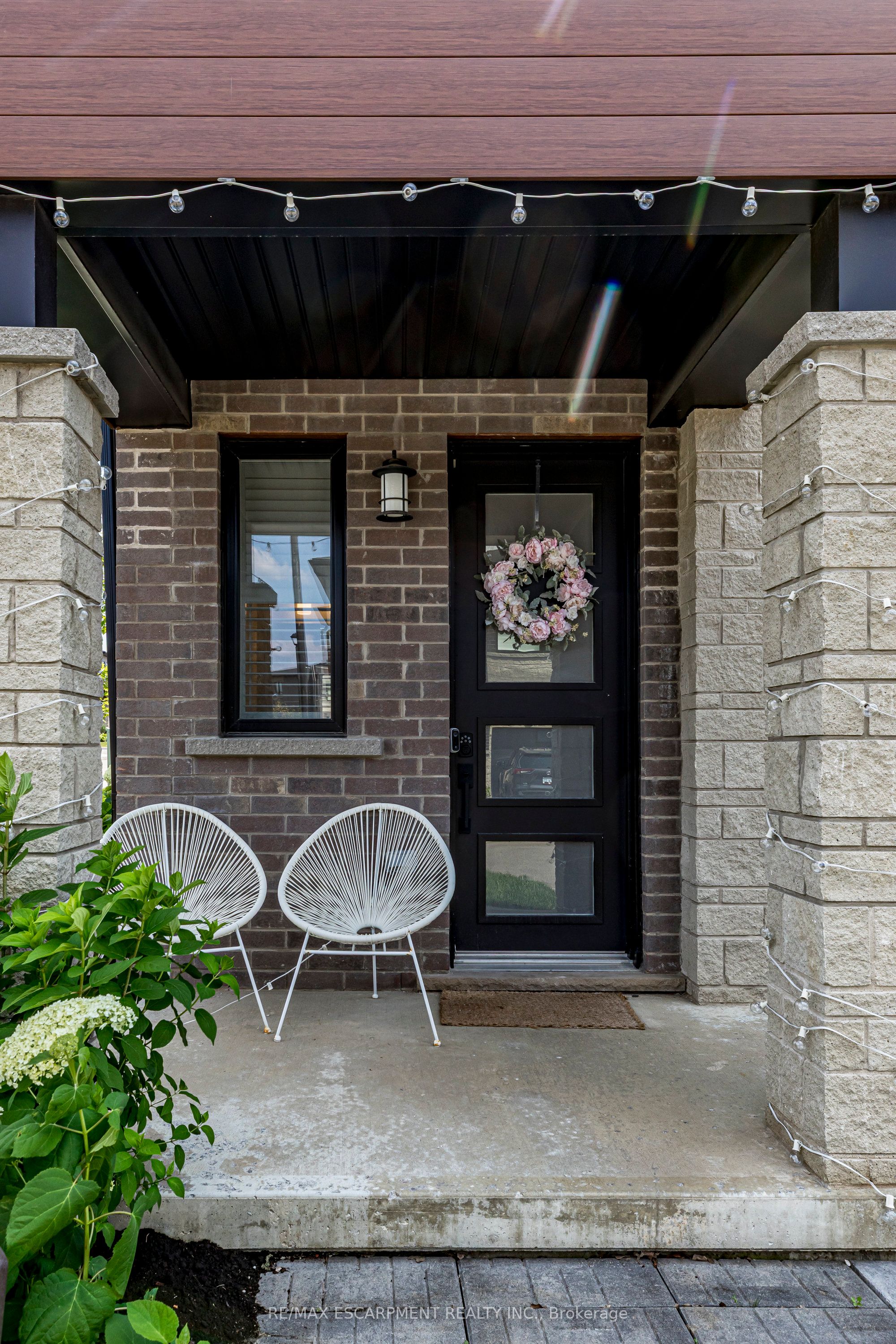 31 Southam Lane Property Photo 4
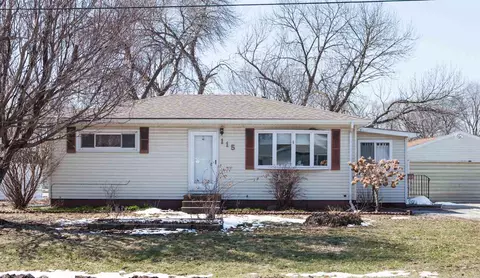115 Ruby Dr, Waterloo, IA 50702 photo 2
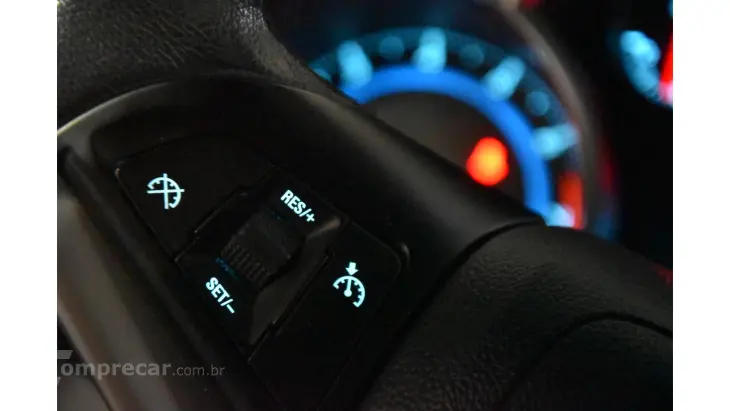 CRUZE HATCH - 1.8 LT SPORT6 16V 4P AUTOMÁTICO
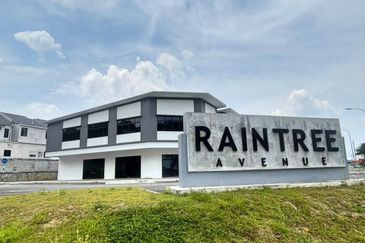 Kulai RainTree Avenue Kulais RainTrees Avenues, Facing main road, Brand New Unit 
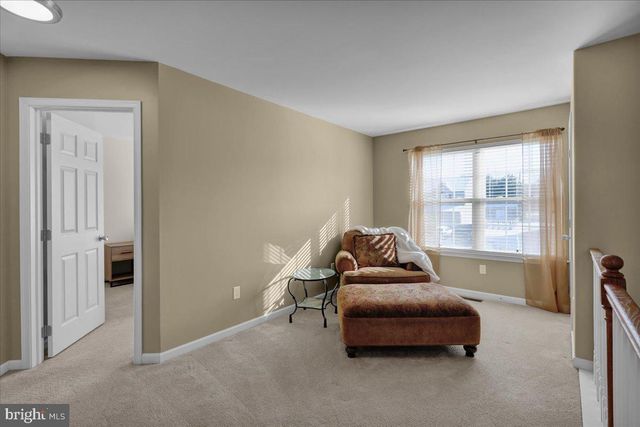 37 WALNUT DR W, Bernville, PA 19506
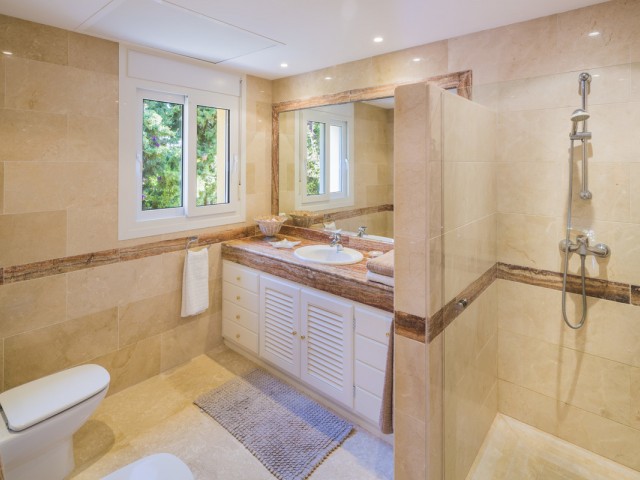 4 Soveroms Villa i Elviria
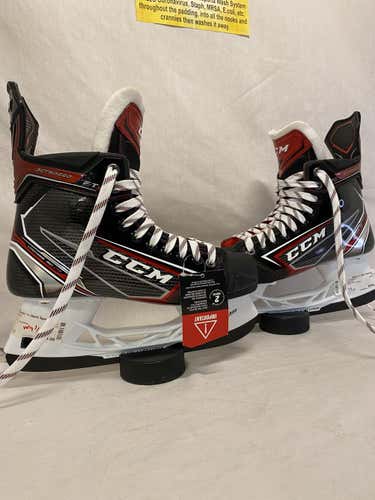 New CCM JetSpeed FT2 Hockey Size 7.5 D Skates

---+---

What this task involves> Only the pictures are to be dropped; all other material above must be repeated exactly.

Expected output>
 31 Southam Lane Property Photo 4
115 Ruby Dr, Waterloo, IA 50702 photo 2
 CRUZE HATCH - 1.8 LT SPORT6 16V 4P AUTOMÁTICO
 Kulai RainTree Avenue Kulais RainTrees Avenues, Facing main road, Brand New Unit 
 37 WALNUT DR W, Bernville, PA 19506
 4 Soveroms Villa i Elviria
 New CCM JetSpeed FT2 Hockey Size 7.5 D Skates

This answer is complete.